Suddenly I realize that if,long ago, I had changed myself, I could have impacted my family. With its support, I could have made an impact on our town. That impact could have changed the nation and, who knows, one day I could indeed have changed the world!”
Once again, the inspiration and reassurance from Swami is wonderful.
“There is nothing that cannot be achieved through man’s efforts. He can even bring the whole ocean into a glass and drink it up completely. When he was born, he knew no alphabet but he is soon able to write complete books. However, the problem comes with one’s mind.”
A little more insight into this can be gained from a student’s experience.
It was one of those memorable Trayee sessions in which Swami had stressed on the importance of one putting in one’s best efforts. A student who was thinking ‘practically’ raised his hand and raised a doubt along with it. He asked Swami,
“Swami, you tell us that you will transform the world through us. But isn’t that such a tough task. There are so many people in the world and the number of students are so few. How can it ever happen?
Swami smiled at the student and then said,
“You take care of following and practicing the ideals I have taught. That is all that needs to be your worry. When you are ideal, I shall make sure that the world notices you and gets inspired by you. That is my job and you don’t worry about it.”

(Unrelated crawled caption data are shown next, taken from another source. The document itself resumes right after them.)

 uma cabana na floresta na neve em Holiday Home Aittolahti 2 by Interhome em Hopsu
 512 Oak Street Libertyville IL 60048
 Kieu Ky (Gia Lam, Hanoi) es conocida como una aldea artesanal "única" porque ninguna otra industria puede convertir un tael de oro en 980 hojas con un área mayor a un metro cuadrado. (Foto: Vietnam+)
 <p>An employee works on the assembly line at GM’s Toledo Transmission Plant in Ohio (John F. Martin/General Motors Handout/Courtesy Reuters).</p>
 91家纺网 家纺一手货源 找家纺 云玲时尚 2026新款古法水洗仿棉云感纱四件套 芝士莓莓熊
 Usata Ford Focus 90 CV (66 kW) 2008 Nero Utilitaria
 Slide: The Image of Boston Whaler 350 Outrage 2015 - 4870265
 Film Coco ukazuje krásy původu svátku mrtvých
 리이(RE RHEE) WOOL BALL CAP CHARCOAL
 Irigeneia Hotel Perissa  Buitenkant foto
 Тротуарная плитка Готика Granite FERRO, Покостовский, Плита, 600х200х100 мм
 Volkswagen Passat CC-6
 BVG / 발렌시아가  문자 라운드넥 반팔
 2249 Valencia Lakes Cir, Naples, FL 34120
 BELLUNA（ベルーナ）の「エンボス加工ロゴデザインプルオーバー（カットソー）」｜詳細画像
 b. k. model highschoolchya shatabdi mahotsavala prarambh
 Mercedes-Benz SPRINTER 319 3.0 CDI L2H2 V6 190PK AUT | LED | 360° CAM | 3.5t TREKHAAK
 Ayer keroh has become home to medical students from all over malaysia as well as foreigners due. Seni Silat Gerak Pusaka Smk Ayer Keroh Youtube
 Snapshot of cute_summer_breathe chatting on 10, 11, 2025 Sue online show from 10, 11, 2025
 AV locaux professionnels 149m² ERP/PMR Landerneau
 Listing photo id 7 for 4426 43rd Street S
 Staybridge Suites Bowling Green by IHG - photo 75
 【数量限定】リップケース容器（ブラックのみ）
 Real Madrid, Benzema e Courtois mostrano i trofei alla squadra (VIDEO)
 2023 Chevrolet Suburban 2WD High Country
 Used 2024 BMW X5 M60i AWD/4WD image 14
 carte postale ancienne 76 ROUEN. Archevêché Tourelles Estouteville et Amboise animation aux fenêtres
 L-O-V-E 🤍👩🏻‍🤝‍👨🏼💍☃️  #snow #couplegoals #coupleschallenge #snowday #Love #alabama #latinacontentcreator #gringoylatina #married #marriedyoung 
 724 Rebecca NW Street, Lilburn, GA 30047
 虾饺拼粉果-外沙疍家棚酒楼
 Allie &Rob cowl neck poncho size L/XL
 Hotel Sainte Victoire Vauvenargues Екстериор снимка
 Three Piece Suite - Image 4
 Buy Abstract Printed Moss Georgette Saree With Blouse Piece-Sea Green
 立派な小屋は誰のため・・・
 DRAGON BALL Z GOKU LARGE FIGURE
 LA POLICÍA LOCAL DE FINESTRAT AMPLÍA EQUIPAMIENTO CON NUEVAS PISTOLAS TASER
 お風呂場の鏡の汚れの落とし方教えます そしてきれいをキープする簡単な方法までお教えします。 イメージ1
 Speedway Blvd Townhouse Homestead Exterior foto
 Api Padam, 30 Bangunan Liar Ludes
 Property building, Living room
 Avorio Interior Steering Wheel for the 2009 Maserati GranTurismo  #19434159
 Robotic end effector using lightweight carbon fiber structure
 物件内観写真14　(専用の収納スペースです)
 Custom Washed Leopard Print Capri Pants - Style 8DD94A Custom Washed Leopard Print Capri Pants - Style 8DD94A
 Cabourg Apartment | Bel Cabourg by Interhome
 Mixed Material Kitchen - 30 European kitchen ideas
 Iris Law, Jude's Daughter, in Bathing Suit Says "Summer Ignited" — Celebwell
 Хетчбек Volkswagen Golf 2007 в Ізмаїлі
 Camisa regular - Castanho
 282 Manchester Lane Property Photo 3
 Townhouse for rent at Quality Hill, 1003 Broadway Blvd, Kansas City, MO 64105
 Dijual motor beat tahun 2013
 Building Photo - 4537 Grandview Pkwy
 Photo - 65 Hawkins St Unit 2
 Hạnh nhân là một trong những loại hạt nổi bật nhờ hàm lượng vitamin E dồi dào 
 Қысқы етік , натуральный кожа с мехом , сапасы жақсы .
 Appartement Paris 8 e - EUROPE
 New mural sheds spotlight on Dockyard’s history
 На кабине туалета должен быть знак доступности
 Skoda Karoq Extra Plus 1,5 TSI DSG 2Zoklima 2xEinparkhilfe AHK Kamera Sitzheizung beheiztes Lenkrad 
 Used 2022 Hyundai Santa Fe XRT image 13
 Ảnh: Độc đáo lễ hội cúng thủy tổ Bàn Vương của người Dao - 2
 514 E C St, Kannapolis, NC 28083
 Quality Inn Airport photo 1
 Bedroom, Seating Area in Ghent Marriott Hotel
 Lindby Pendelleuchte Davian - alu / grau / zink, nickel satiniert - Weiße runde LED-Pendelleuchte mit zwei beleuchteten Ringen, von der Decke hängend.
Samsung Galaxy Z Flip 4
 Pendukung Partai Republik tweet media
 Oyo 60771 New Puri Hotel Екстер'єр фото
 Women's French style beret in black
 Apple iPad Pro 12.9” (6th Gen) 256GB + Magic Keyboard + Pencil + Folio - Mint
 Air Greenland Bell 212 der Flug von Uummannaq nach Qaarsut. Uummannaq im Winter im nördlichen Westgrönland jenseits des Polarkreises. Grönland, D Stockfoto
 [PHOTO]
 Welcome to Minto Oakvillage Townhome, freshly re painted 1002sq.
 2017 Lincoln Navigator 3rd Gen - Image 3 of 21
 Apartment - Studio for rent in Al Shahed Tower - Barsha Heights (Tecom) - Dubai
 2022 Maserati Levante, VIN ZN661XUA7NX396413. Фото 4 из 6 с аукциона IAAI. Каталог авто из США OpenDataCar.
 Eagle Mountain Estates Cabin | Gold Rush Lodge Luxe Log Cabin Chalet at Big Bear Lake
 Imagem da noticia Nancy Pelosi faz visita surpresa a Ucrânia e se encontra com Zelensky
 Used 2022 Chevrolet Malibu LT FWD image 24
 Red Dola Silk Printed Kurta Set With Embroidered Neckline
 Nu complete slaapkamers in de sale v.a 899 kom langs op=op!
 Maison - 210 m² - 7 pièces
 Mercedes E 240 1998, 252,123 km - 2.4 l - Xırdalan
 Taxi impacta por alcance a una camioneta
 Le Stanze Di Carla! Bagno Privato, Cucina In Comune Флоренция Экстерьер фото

Isn't that another beautiful reassurance? Again, it carries a subtle for me. When I put in efforts, my focus and energies must be only on the efforts. Keeping an eye on when the fruit is coming or why it is not coming does not help. At the right time and circumstance, God will deliver the fruit for He always knows best.
That is where I feel that the monk’s epitaph can be slightly modified. Yes, it is indeed true that changing oneself can change the world one day. But for that to happen, one should change oneself only with the focus on changing oneself. If one changes oneself BECAUSE he/she wants to change the world, there might be a problem! That is precisely the Karma Phala Tyaga that Lord Krishna spoke about. In view of that has been discussed so far, I would like to modify the famous proverb in this manner-
Do your best and then just rest. God will do the rest and, whatever that is, it will always be the best!